=== WHAT YOU ARE ASKED TO DO ===
An exact copy is required of the lines running from the one that contains "Mens, Historical Fiction" to the end of the material, both ends included, with pictures omitted.

=== THE DATA ===

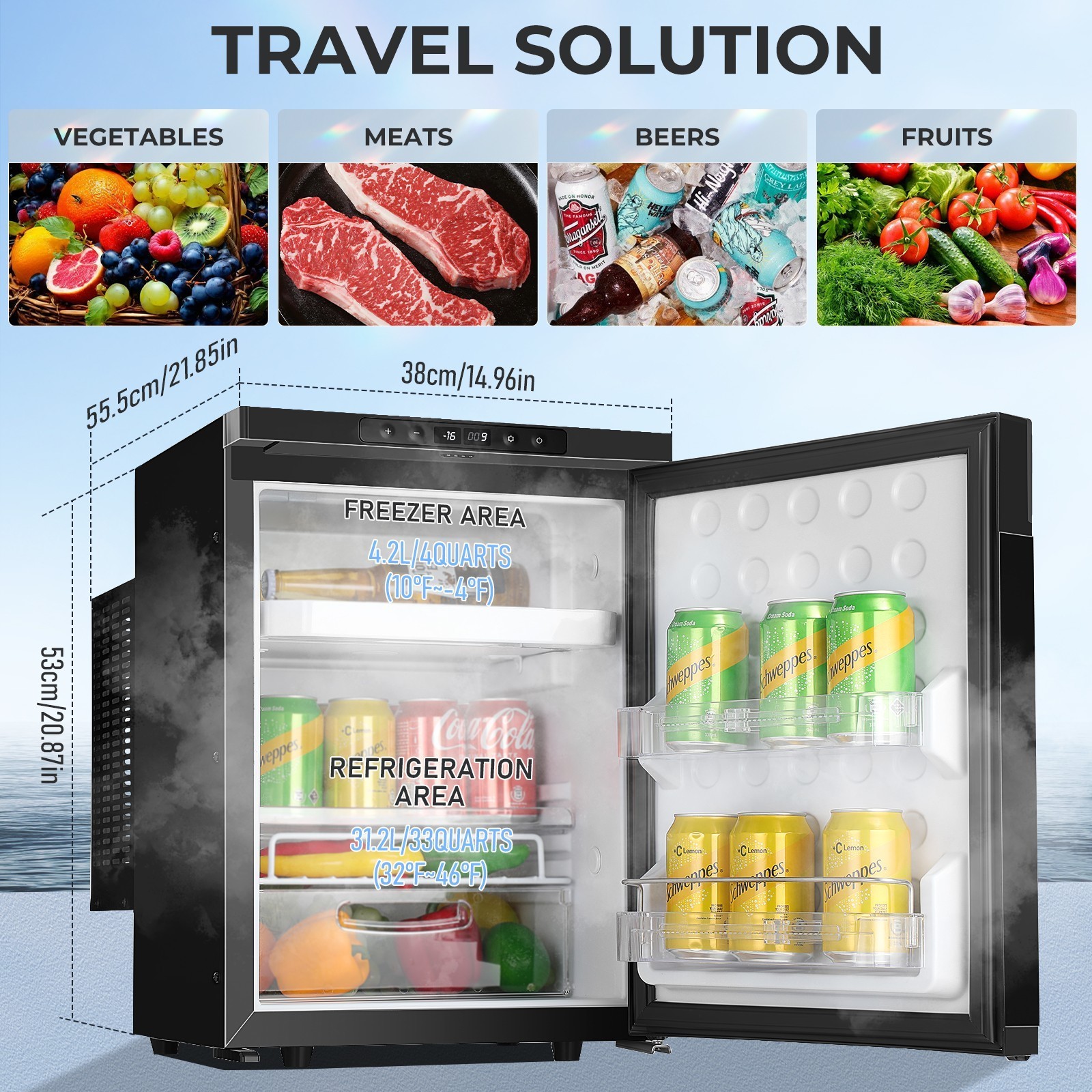 12V/24V 110V APP Camper Refrigerator Truck RV Refrigerator with Freezer 1.4cu ft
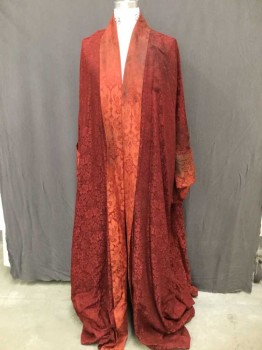 Mens, Historical Fiction Robe, COSPROP LONDON, Red, Silk, Floral, Jacquard, Shawl Lapel, Cuffed Sleeves, Aged/Distressed,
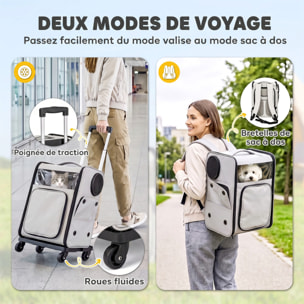Sac de transport trolley télescopique amovible chien chat gris clair noir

=== WRITTEN REPLY ===
 Mens, Historical Fiction Robe, COSPROP LONDON, Red, Silk, Floral, Jacquard, Shawl Lapel, Cuffed Sleeves, Aged/Distressed,
Sac de transport trolley télescopique amovible chien chat gris clair noir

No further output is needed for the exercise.